The rose means more than “I love you”
Sure, we all know the meaning of a red rose, right? Whether receiving a single rose or a bouquet of long stemmed roses, most will agree in it’s universal meaning as a symbol of “love”. Have you ever wondered how that came to be? Of all the beautiful flowers in the world, why the rose and not a tulip, carnation or even a rose of a different hue? The answers may not only surprise you, but impress upon you the significance in history of a simple, single flower.
“In Victorian times, bouquets called “tussie-mussies” were given by suitors to young women; the arrangement changing as the relationship progressed, giving the intended clues as to the present standing of the relationship. Two roses, taped together was a sign of an engagement but if full in bloom and placed over two single buds it signified secrecy.
The spiritual meaning of the rose can be traced to prehistoric times, as petrified wreaths have been uncovered in ancient Egyptian tombs.

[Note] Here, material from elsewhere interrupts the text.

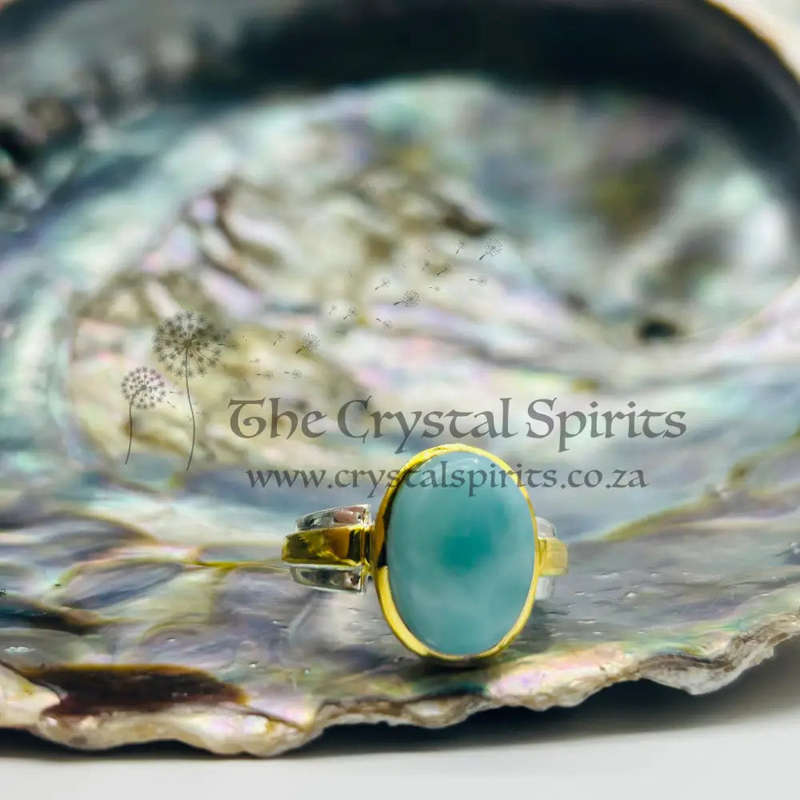 Sterling Silver Larimar Crystal Cabochon Ring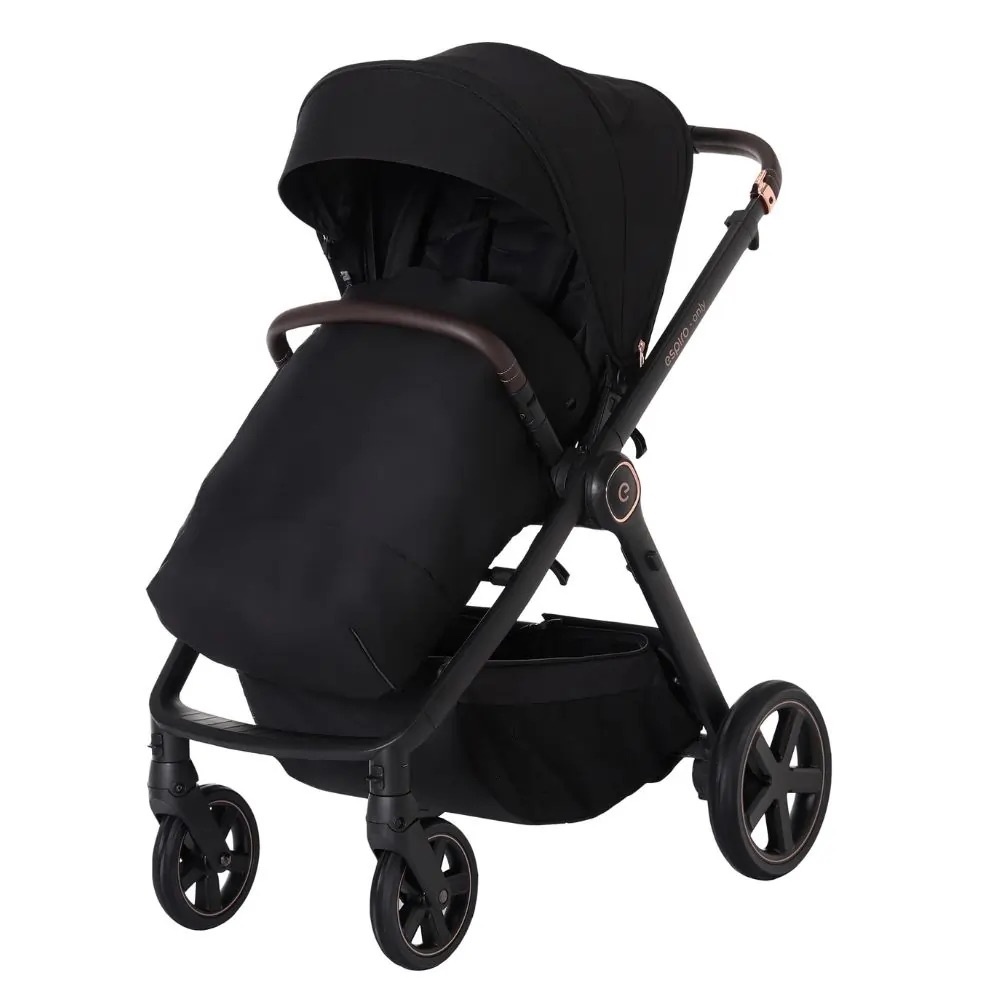 Espiro Only - lekki wózek dziecięcy 2w1, potrójna wentylacja gondoli, teleskopowa rączka, dwustronne siedzisko • 510 Stylish Black Espiro Only - lekki wózek dziecięcy 2w1, potrójna wentylacja gondoli, teleskopowa rączka, dwustronne siedzisko • 510 Stylish Black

The Romans and Greeks too, worshiped the rose, and were especially fond of the aroma, using petals to fragrance themselves and their bathwater.
Many species were brought to Europe by the Crusaders. In fact, England chose the rose as their national emblem.

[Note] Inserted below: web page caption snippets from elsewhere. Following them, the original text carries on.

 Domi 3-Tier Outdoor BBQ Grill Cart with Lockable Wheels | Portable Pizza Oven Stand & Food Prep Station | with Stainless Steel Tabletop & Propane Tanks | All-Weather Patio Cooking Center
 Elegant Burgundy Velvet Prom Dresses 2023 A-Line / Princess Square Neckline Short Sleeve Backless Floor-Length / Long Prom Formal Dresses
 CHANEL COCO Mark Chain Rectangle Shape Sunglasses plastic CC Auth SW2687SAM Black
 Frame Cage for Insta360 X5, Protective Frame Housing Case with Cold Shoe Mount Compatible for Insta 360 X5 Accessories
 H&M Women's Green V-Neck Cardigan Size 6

In mythology, Aphrodite, the Greek goddess of love, was often depicted wearing roses around her feet, neck and head. In numerology, three roses indicates love, life and light; eight petals a message of rebirth and renewal and seven a symbol of universal understanding and order.
In religion too, a rose bush it is said grew at the site of Christ’s death and the Catholic rosary was originally a string of 150 dried roses.
In the Tarot, the rose is a symbol of balance. It’s beauty represents hope, new beginnings and a promise of sorts.
Looking back in history, the rose has clearly defined its magical essence. It’s timeless, beautiful and most importantly, means much more than “I love you”. For these reasons and more FCW suggests that you consider adding the rose into your flower arrangements.”